(THE INPUT begins)

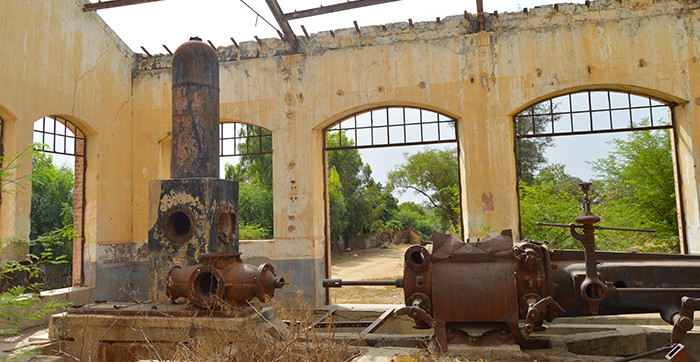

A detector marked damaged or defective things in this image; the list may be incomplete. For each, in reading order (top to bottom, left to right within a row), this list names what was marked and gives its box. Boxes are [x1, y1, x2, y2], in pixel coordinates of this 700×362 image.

rusty pipe [170, 36, 219, 178]
rusty machine [150, 37, 284, 312]
rusted valve body [167, 252, 284, 308]
rusty tank [326, 184, 700, 356]
rusty machine [326, 184, 700, 360]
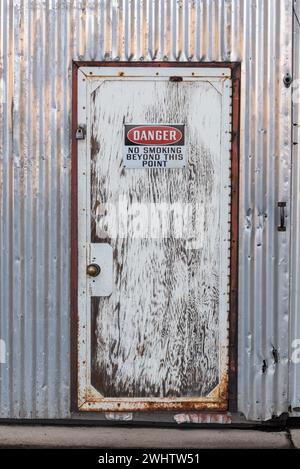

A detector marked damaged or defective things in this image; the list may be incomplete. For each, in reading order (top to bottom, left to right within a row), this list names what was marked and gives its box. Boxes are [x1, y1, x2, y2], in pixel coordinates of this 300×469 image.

rust on door frame [69, 61, 240, 414]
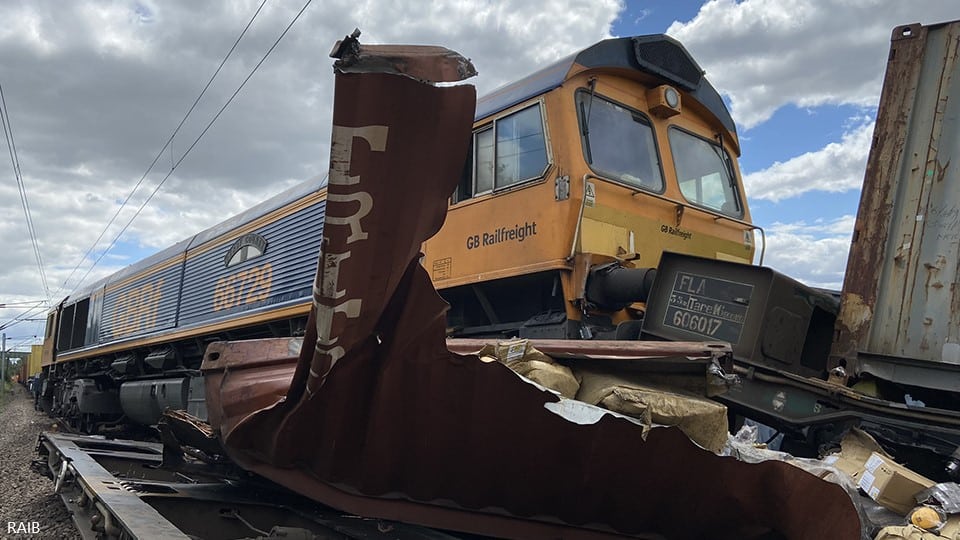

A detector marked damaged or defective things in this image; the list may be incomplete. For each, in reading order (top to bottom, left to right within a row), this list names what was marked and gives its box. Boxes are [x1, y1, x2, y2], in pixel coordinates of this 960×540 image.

crumpled rusty metal sheet [199, 39, 860, 540]
torn metal panel [202, 39, 864, 540]
rusty shipping container [832, 21, 960, 392]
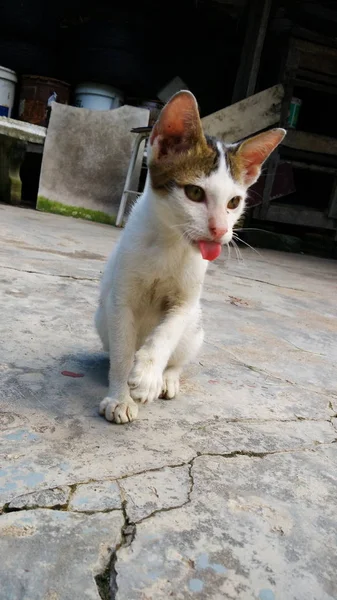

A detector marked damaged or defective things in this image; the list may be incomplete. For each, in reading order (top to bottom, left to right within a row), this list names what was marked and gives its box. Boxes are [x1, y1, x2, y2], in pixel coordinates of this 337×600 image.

cracked concrete floor [0, 204, 334, 596]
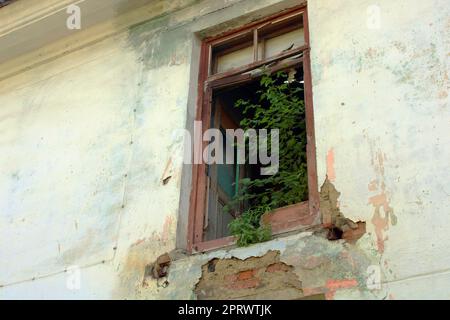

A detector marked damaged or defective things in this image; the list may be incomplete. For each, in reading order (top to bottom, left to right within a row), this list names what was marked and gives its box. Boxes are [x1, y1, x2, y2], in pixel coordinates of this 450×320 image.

broken window [188, 3, 318, 251]
rust stain on wall [194, 251, 302, 302]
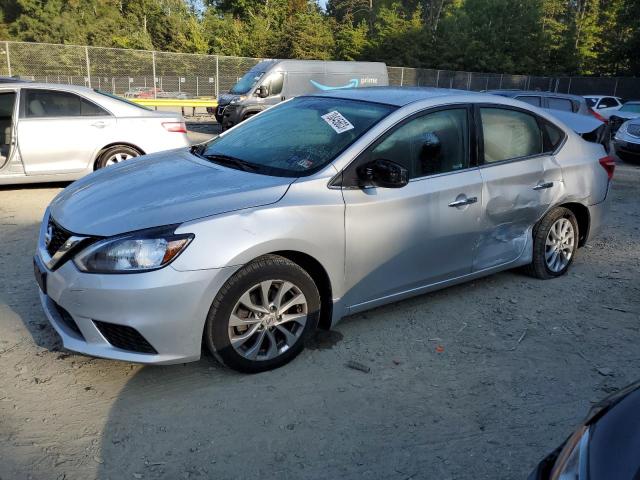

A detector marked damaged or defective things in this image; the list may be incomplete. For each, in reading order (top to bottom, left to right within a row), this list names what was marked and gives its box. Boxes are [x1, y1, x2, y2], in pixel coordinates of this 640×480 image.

damaged car door [472, 106, 564, 270]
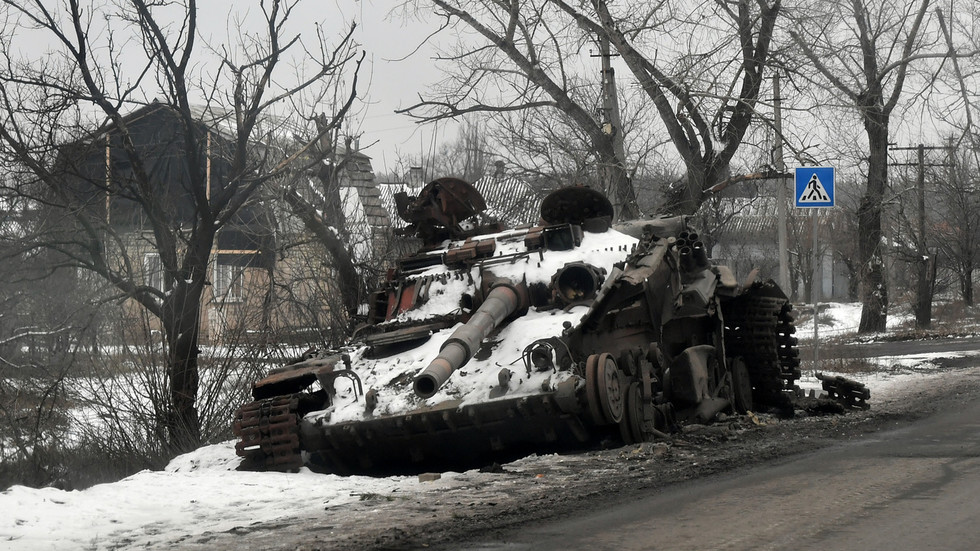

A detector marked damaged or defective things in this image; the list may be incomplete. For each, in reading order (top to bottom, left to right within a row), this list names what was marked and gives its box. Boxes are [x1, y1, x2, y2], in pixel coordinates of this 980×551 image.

broken track link [724, 294, 800, 410]
broken track link [233, 394, 302, 472]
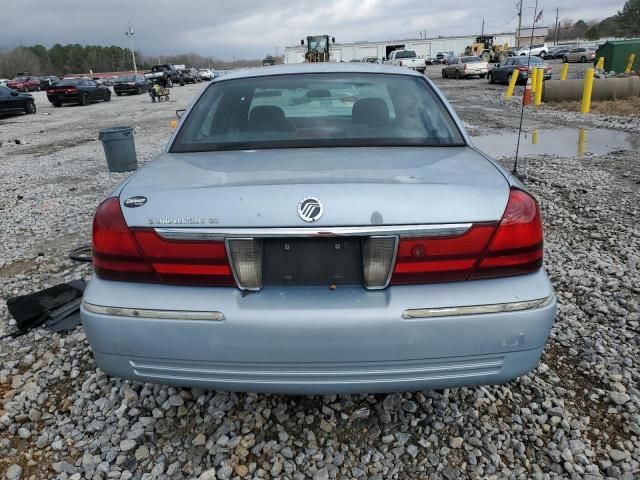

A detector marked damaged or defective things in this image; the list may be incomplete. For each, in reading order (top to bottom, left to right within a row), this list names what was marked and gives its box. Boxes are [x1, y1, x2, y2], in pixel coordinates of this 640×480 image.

damaged vehicle [82, 62, 556, 394]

(THE INPUT ends)

THE TASK | Excluding the pictures, retype the line containing "this 980×551 image." and all lines after it down to the end of the data above.

TASK ANSWER |
A detector marked damaged or defective things in this image; the list may be incomplete. For each, in reading order (top to bottom, left to right within a row), this list names what was marked and gives its box. Boxes are [x1, y1, x2, y2], in pixel coordinates of this 980×551 image.

broken track link [724, 294, 800, 410]
broken track link [233, 394, 302, 472]

A detector marked damaged or defective things in this image; the list may be incomplete. For each, in reading order (top to bottom, left to right within a row), this list names what was marked and gives its box. Boxes are [x1, y1, x2, y2], in pixel coordinates of this 640×480 image.

damaged vehicle [82, 62, 556, 394]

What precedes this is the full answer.